> Directions:
Print the data exactly. Omit the pictures.

> Data in this exercise:
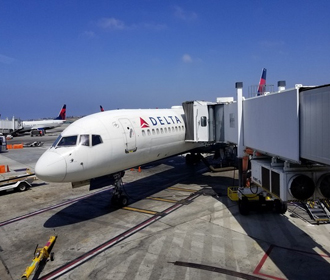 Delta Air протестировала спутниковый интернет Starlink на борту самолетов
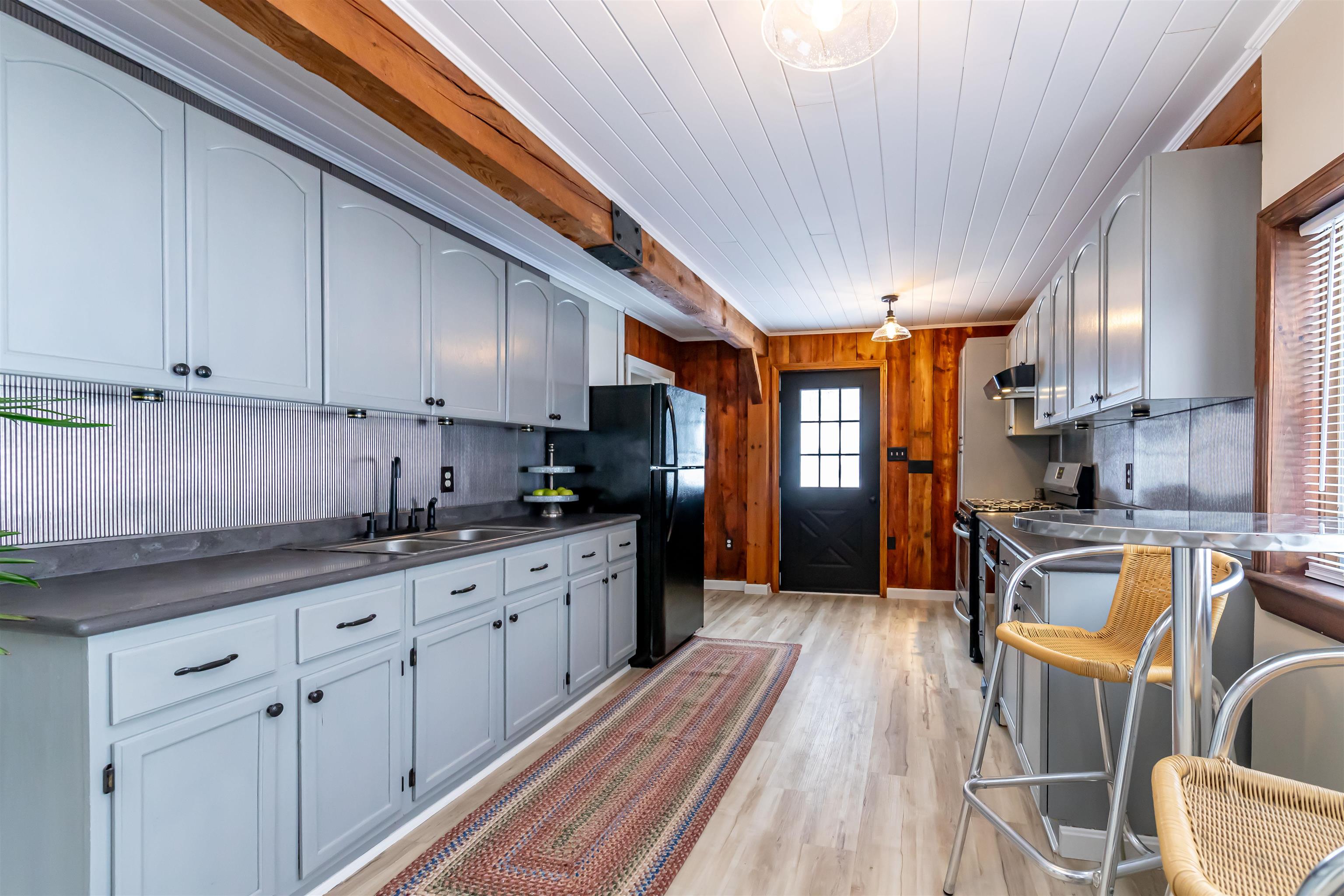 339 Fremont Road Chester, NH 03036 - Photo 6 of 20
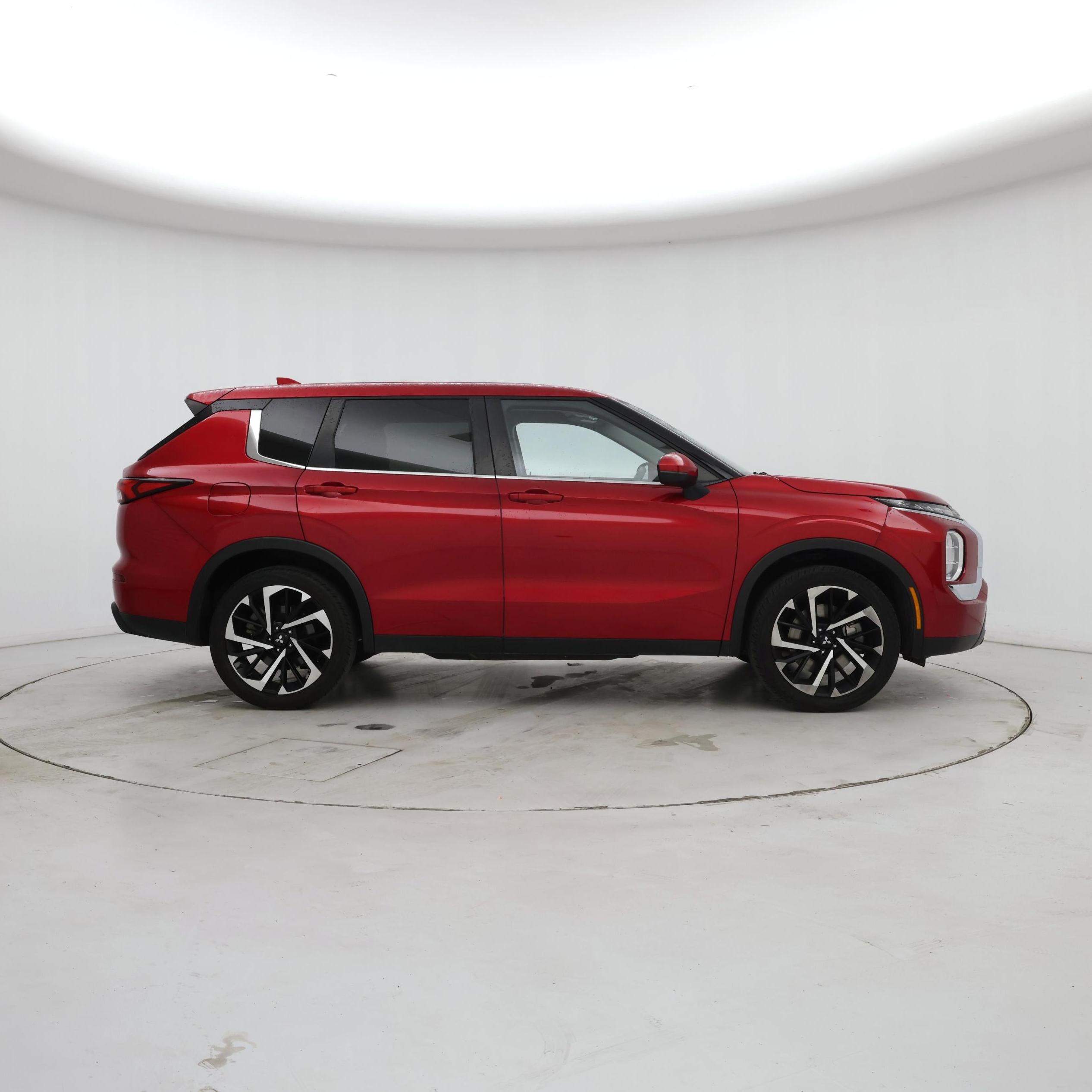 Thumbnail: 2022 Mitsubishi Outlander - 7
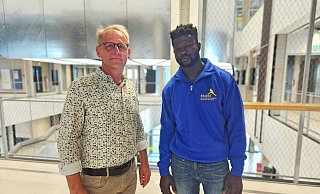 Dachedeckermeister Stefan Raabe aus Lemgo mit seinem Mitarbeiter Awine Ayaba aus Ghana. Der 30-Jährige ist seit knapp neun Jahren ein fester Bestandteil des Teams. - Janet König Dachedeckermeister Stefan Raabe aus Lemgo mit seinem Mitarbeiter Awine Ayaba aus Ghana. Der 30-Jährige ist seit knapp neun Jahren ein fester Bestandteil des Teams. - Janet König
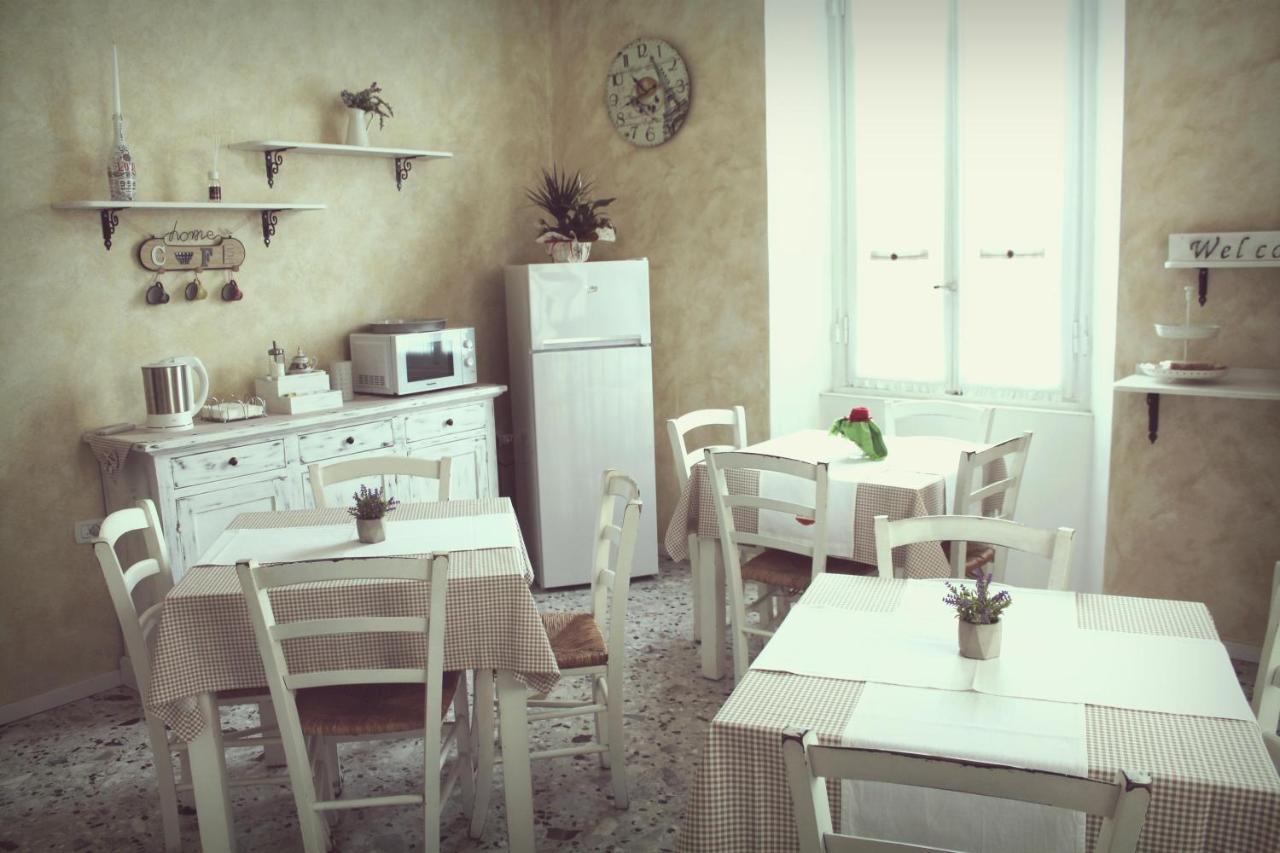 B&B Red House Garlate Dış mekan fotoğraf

> Task result:
 Delta Air протестировала спутниковый интернет Starlink на борту самолетов
 339 Fremont Road Chester, NH 03036 - Photo 6 of 20
 Thumbnail: 2022 Mitsubishi Outlander - 7
 Dachedeckermeister Stefan Raabe aus Lemgo mit seinem Mitarbeiter Awine Ayaba aus Ghana. Der 30-Jährige ist seit knapp neun Jahren ein fester Bestandteil des Teams. - Janet König Dachedeckermeister Stefan Raabe aus Lemgo mit seinem Mitarbeiter Awine Ayaba aus Ghana. Der 30-Jährige ist seit knapp neun Jahren ein fester Bestandteil des Teams. - Janet König
 B&B Red House Garlate Dış mekan fotoğraf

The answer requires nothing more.